OFT warns car insurers on swapping pricing information
Major motor insurers have agreed to restrict the information they swap about their pricing strategies.
The Office of Fair Trading (OFT) has forced seven insurers to limit their use of a computer system that lets them compare details of their quotes.
The OFT is worried this might have undermined competition among insurers, potentially leading to drivers paying higher premiums.
This would have been a breach of the UK's competition laws.
"Being able to view competitors' pricing strategies could potentially have led to the risk of price co-ordination, putting upward pressure on premiums," said an OFT spokesman.
The computer software in question is called "WhatIf?
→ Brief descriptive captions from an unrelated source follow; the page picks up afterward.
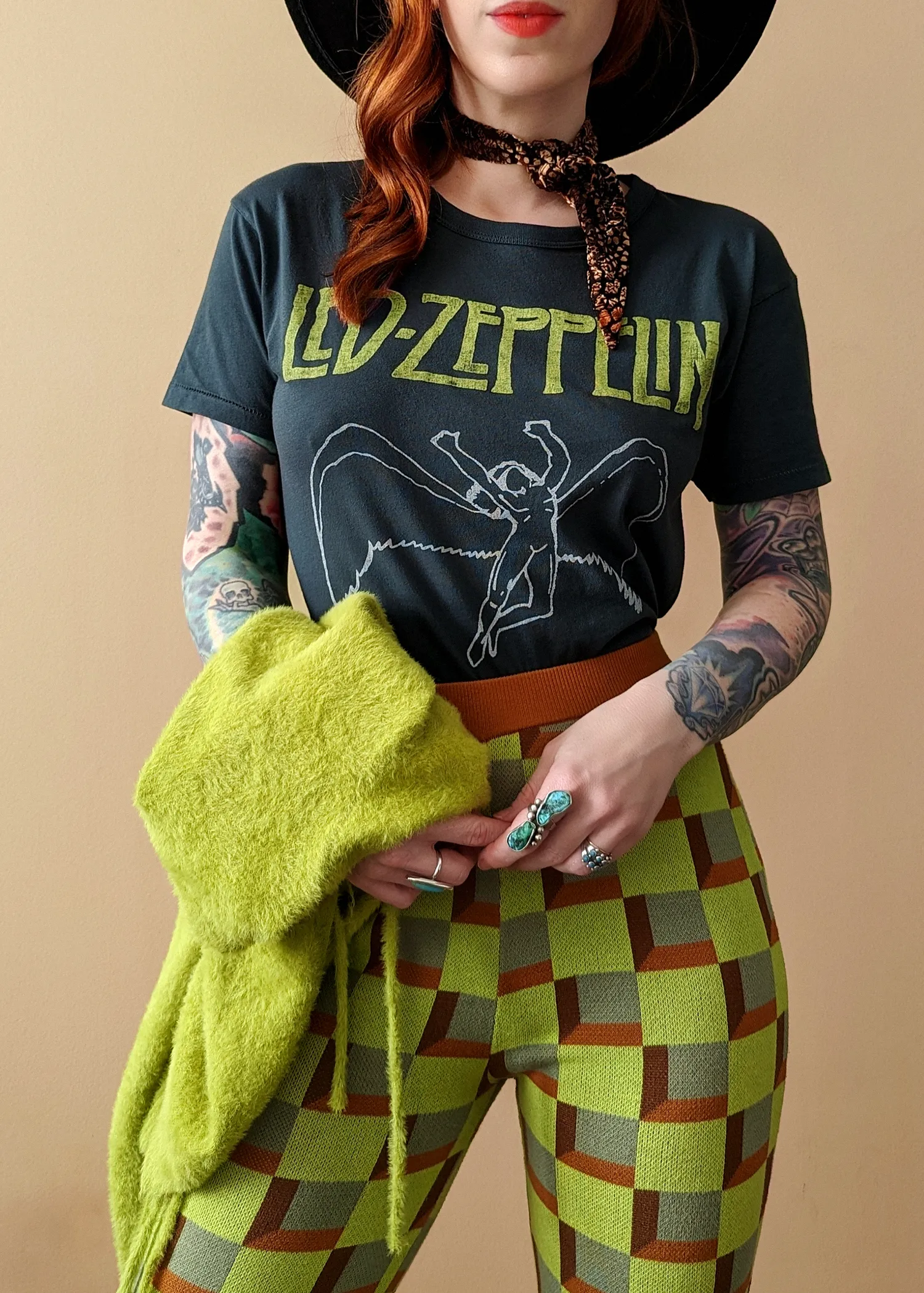 Led Zeppelin IV Ringer Tee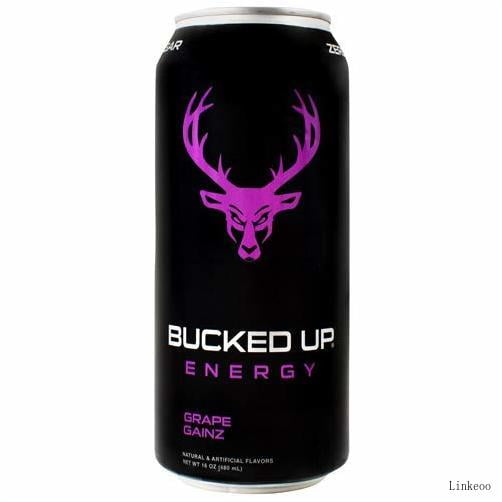 Bucked Up Energy 2021 Flavors Zero Sugar Energy Drinks 16 Ounce Cans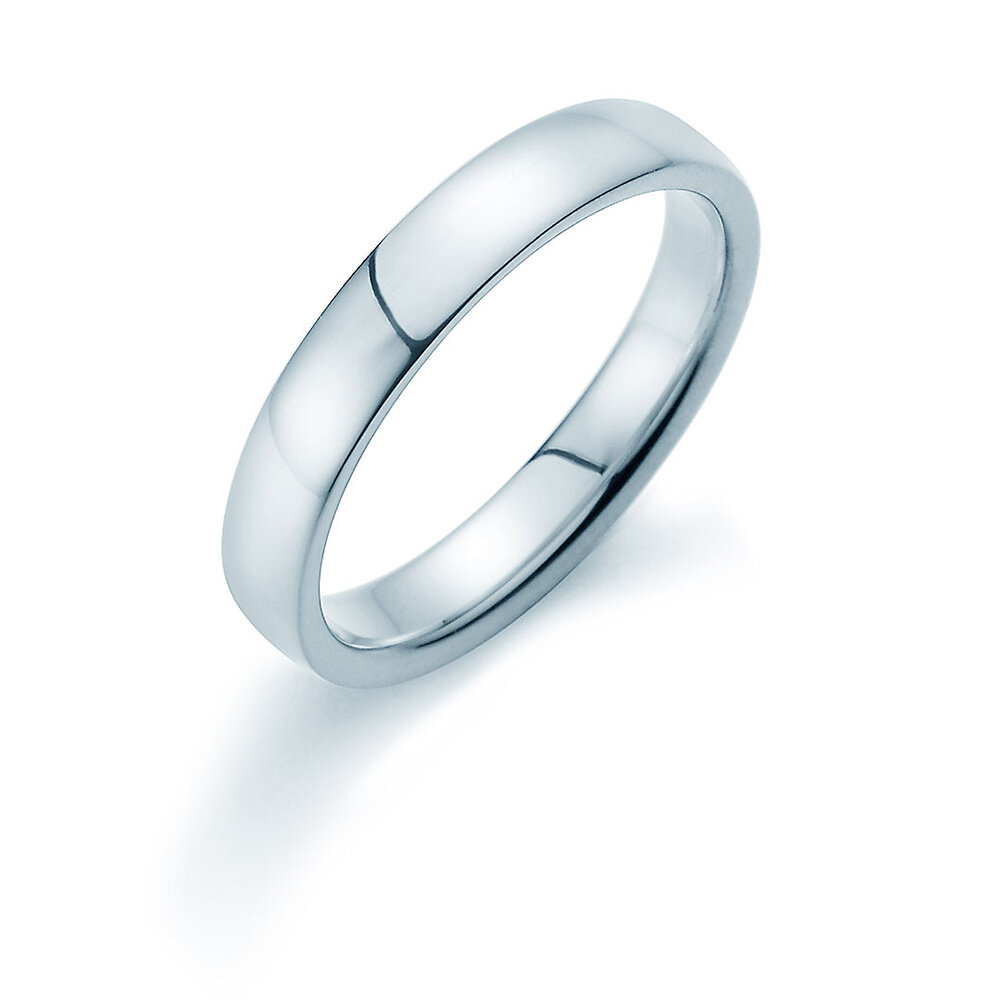 Herrenring Infinity 3,5mm in Silber 925/- poliert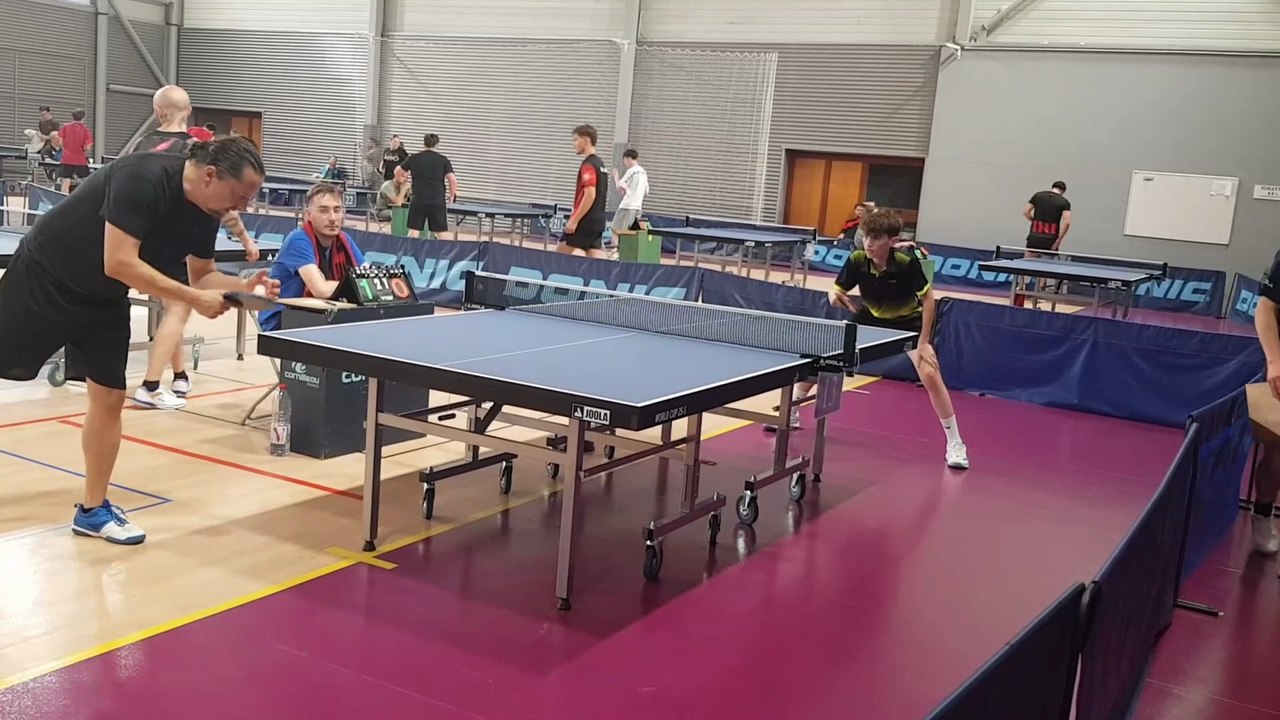Tournoi de Tennis de Table à Épinal le 13/06/26 - Tournoi National B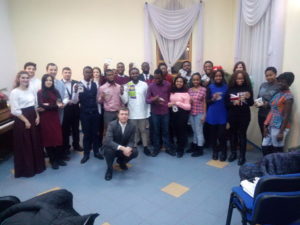В Днепре прошла встреча иностранных студентов-адвентистов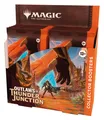 MTG - Outlaws of Thunder Junction - Collector Booster Display (12 Packs EN) NEU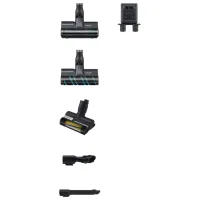 Вертикальный пылесос Samsung VS20B75ACR5/UK 550 Вт / Черный Серый photo 3
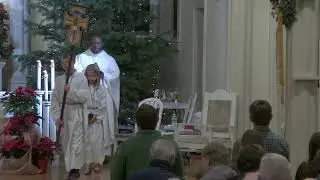 St. Columba - Solemnity of Mary, Holy Mother of God Vigil - Dec. 31, 2025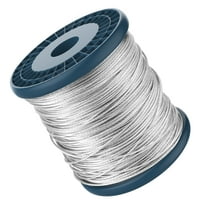 Wire Galvanized Vinyl - 500 Feet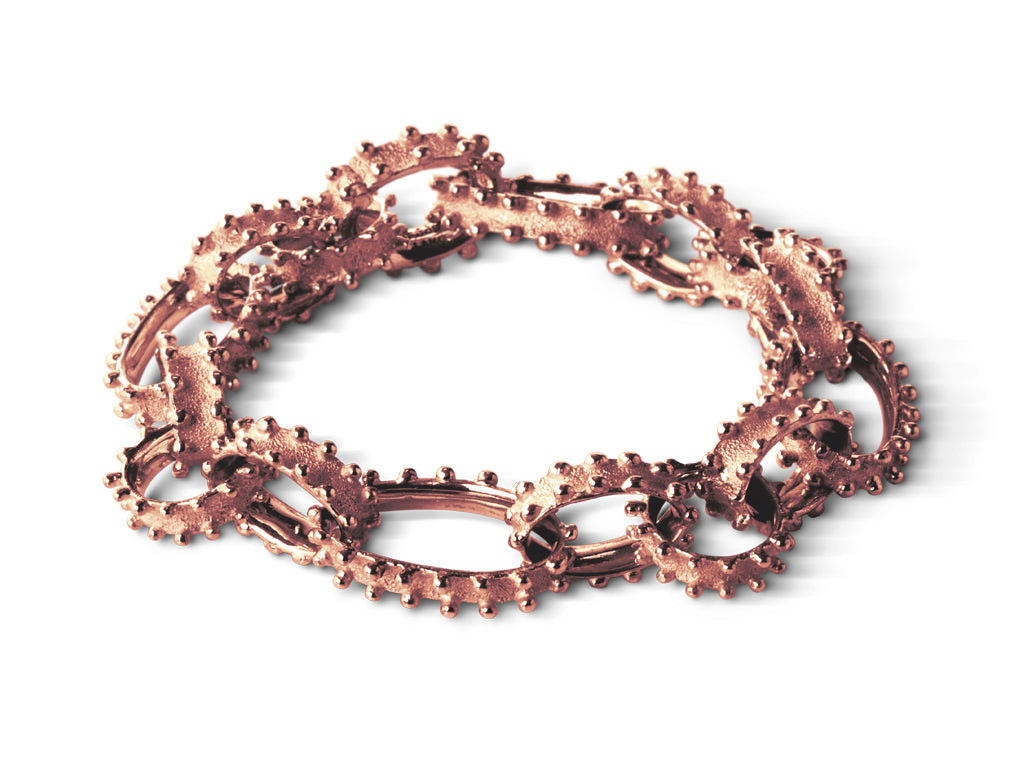 PORTO ROTONDO | Rose Gold Bracelet - Rosáda Milano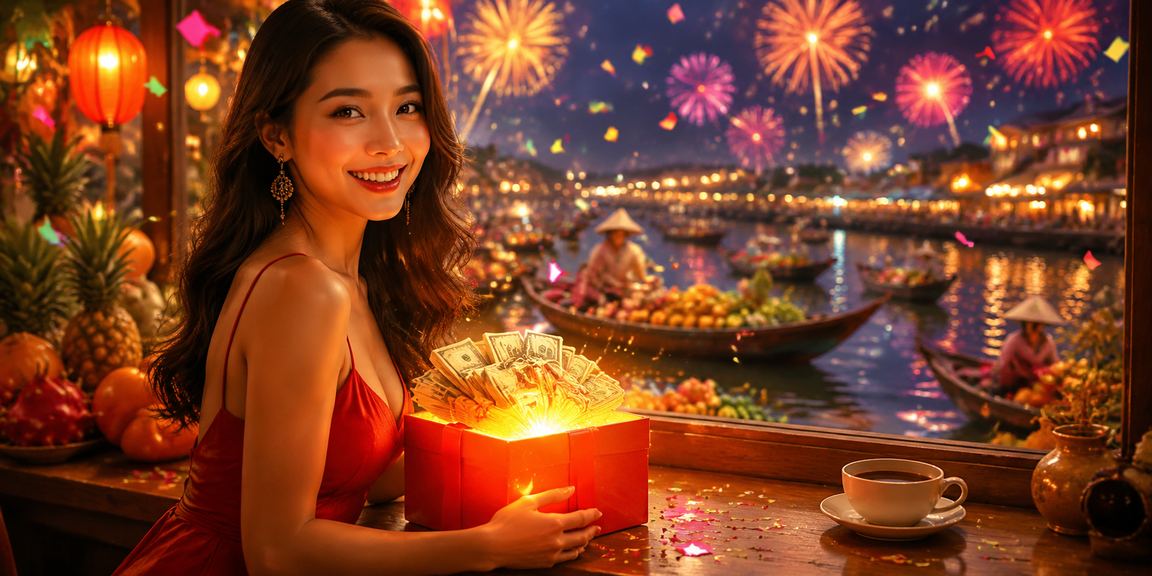 Miền Tây sông nước và không khí casino cược sôi nổi với cà phê buổi sáng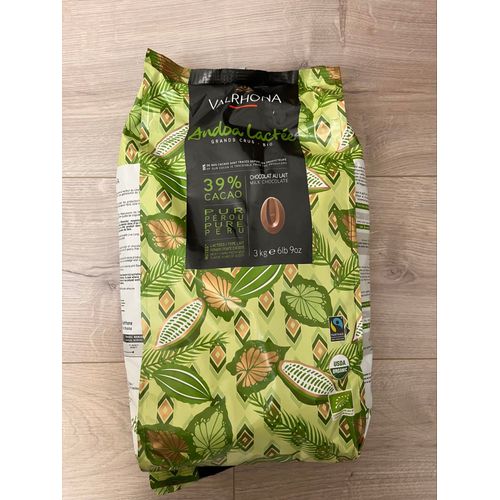Chocolat Valhrona 3kg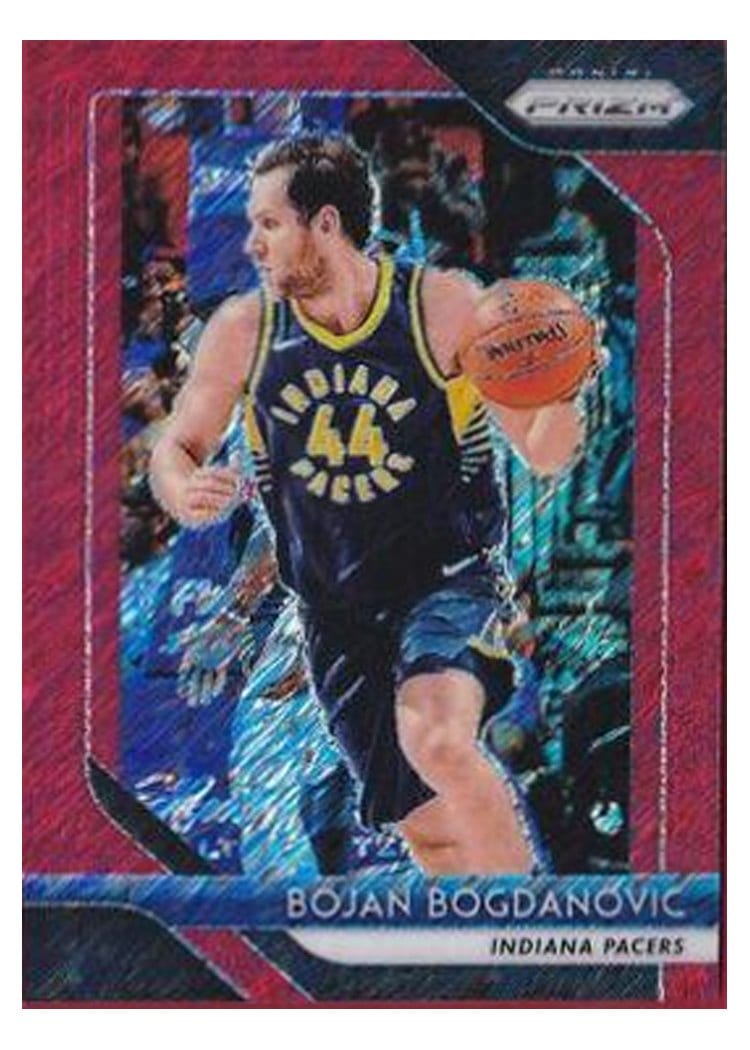 2018-19 Panini Prizm Base Set Bojan Bogdanovic #144 card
Private Motor" and is supplied to insurers by Experian.
It gathers details of the quotes that insurers provide to brokers, and lets them analyse the price and risk that they, and their rivals, attach to the different elements of an insurance quote.
"Insurers were able to access information about their competitors' future pricing intentions as the tool was received by insurers in advance of the pricing information going 'live' in insurance policies sold by brokers," the OFT explained.
'Comply with law'
The OFT stressed that it had not examined the actual effect of the software on premiums, nor had it made a formal finding that competition laws had been breached.
But the regulator hopes that the agreement of the companies to restrict the exchange of pricing data will encourage other insurers to follow.
"We are aware that similar market analysis tools exist both in motor and other insurance markets and we urge companies using them to ensure that they are complying with competition law," said Clive Maxwell, executive director at the OFT.
The seven insurers that OFT is hoping to tie down with a formal written agreement are Ageas (formally Fortis), Aviva, AXA, Liverpool Victoria, RBS Insurance, Royal Sun Alliance and Zurich.
The Association of British Insurers said: "We welcome the OFT's proposal to consult on an approach that has been agreed with some motor insurance companies to ensure that there is no concern about any infringement going forward."
Rupert Roker Consumer Focus said the OFT should now look at the sale of other forms of insurance.
"A motor insurer knowing what prices a customer will be quoted by other companies is very bad news for consumers," he said.
"Customers who have shopped around to get the best price will be left feeling they have got a particularly raw deal."